Abstract
Whole genome sequencing of families of Arabidopsis has recently lent strong support to the heterozygote instability (HI) hypothesis that heterozygosity locally increases mutation rate. However, there is an important theoretical difference between the impact on base substitutions, where mutation rate increases in regions surrounding a heterozygous site, and the impact of HI on sequences such as microsatellites, where mutations are likely to occur at the heterozygous site itself. At microsatellite loci, HI should create a positive feedback loop, with heterozygosity and mutation rate mutually increasing each other. Direct support for HI acting on microsatellites is limited and contradictory. I therefore analysed AC microsatellites in 1163 genome sequences from the 1000 genomes project. I used the presence of rare alleles, which are likely to be very recent in origin, as a surrogate measure of mutation rate. I show that rare alleles are more likely to occur at locus-population combinations with higher heterozygosity even when all populations carry exactly the same number of alleles.
Keywords: microsatellite, heterozygosity, mutation rate, heterozygote instability, human, tandem repeat
1. Introduction
Much of classical population genetic theory is based on the largely untested assumption that alleles mutate independently. This assumption is challenged by the heterozygote instability (HI) hypothesis that heterozygous sites show increased mutability due to an extra round of DNA replication when they are recognized and ‘repaired’ in heteroduplex DNA formed during synapsis [1]. HI implies a link through heterozygosity between population size and mutation rate. Evidence for HI comes from the way SNPs are clustered [2] and a correlation between substitution rate and the amount of diversity lost as humans migrated out of Africa [3]. More recently, whole genome sequencing of Arabidopsis parents and offspring [4] has shown directly that HI operates in plants.
HI increases the substitution rate near heterozygous sites [4]. By contrast, at tandem repeat sequences, HI potentially increases the mutation rate of the heterozygous site itself, thereby creating a positive feedback loop. Indirect evidence for HI influencing microsatellite mutations comes from a correlation between human population size and evolutionary rate [5]. Direct mutation counting in pedigrees gives conflicting results, two small studies lending support [6,7] but a third, much larger study, finding no evidence [8]. However, all three mutation-counting studies focus on length differences between parental alleles rather than the key comparison between heterozygotes and homozygotes.

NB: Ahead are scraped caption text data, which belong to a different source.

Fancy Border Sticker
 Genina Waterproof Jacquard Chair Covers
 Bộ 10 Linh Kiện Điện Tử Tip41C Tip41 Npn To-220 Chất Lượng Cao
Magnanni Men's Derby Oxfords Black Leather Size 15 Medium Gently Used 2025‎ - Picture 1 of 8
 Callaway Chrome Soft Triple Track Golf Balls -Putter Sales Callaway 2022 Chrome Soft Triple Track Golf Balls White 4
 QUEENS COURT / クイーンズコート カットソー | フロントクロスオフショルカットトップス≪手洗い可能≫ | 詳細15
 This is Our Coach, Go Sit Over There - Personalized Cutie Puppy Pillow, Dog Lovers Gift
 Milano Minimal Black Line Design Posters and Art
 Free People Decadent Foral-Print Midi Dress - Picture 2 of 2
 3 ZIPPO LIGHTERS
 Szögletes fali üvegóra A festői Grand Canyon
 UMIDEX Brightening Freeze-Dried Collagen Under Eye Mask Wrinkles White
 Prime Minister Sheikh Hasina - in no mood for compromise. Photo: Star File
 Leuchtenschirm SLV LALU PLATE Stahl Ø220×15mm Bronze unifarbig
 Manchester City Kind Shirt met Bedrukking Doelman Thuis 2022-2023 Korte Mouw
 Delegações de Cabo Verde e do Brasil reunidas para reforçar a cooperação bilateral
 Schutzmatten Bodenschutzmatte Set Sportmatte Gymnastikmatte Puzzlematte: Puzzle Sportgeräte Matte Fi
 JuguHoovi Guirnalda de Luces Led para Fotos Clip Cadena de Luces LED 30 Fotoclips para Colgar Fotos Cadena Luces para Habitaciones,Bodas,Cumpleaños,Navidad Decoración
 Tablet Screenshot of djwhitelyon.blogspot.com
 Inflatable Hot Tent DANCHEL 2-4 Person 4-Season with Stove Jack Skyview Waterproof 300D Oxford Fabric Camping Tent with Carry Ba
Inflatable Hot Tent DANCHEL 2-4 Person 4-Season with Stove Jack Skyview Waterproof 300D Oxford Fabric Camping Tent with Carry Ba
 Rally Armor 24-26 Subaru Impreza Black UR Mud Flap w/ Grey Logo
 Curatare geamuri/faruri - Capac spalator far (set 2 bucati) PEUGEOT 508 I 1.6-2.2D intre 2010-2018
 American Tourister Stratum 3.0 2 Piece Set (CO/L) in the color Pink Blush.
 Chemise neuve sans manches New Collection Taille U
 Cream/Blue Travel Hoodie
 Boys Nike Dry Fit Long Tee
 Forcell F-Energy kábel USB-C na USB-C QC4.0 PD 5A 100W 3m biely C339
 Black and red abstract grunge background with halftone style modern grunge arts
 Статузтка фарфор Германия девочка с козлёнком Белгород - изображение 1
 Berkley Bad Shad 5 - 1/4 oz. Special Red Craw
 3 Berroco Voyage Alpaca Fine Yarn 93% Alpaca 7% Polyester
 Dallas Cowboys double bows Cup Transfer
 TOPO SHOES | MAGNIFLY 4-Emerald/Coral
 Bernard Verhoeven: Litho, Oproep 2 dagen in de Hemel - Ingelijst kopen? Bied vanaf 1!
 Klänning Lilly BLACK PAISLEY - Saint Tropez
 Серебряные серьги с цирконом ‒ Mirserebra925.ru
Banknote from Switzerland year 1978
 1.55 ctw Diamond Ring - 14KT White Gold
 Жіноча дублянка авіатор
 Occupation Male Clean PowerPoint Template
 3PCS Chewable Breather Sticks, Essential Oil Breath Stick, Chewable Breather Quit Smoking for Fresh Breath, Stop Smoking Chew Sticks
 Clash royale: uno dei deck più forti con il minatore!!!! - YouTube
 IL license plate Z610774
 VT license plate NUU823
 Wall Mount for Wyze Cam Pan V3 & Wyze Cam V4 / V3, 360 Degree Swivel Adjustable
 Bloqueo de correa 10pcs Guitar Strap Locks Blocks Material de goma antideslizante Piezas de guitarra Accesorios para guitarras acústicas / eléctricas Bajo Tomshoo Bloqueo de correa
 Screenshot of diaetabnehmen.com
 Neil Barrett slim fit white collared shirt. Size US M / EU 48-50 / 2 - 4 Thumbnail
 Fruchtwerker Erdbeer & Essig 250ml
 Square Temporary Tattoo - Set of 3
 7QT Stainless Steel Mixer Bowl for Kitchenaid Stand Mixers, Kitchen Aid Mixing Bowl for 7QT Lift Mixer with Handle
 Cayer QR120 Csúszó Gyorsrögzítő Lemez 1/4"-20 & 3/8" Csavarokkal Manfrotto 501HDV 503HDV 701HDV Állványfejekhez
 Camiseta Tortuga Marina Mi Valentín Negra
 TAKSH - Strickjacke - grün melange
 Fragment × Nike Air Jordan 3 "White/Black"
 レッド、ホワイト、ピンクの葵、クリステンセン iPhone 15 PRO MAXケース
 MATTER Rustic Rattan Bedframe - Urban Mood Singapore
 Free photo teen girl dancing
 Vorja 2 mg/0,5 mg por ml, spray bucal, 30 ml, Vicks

Direct counting of de novo microsatellite mutations in pedigrees requires prodigious experimental effort and the results are biased towards a small subset of loci with unusually high mutation rates [8,9]. To increase sample sizes and to extend the range of loci analysed, I exploited the fact that most new mutations are lost within a few generations of origin [10], implying that a large majority of rare alleles will be descended from recent mutations. Rare alleles may therefore offer a surrogate measure of mutation rate.
2. Material and methods
(a). Simulations
To test the assumption that most rare alleles are recent, I conducted stochastic simulations coded in C++. Diploid, randomly mating, constant-sized populations were created carrying two unlinked loci: L1, the mutating locus, initialized with allele 0, and L2, a reporter locus for the impact of neutral drift, initialized with two non-mutating alleles at equal frequency. At every generation a single, randomly chosen allele at L1 was mutated to an allele named as the current generation number and the two allele frequencies at L2 stored. Population size, N, was 10x, x chosen at random from a uniform distribution between three and five, giving a range of N between 1000 and 100 000. Alleles present at fewer than five copies in a sample of 1000 individuals are deemed rare. Every 100 generations, 1000 individuals were sampled and L1 assayed for rare alleles. Mutant age was calculated as current generation number minus the rare allele number. Drift since mutation origin was measured as the absolute change in allele frequency seen at L2. Simulations were run for N generations to establish a large number of drifting mutations, then sampled for a maximum of N further generations, being terminated if L2 drifted to fixation; 1000 replicates were run with no more than 100 rare allele sampled from each run.
(b). Data
Sequence data for 1163 individuals were downloaded from the 1000 genomes website (ftp://ftp.1000genomes.ebi.ac.uk/vol1/ftp/) [11] as fastq.gz files if they were from sequencing centres SC, BI, BGI or BCM, were 100 bp paired-end reads generated by HiSeq 2000 machines and derived from any of 18 populations comprising people living in the region attributed to them, two exceptions being UK Sri Lankans and Telugu (see electronic supplementary material, ESM1). Populations were combined into four regional groups: Africa (LWK, ESN, YRI, MSL, GWD, total N = 355), Europe (FIN, GBR, IBS, TSI, total N = 233), Central Southern Asia (ITU, STU, BEB, PJL, total N = 298) and East Asia (CHB, CHS, CDX, KHV, JPT, total N = 223).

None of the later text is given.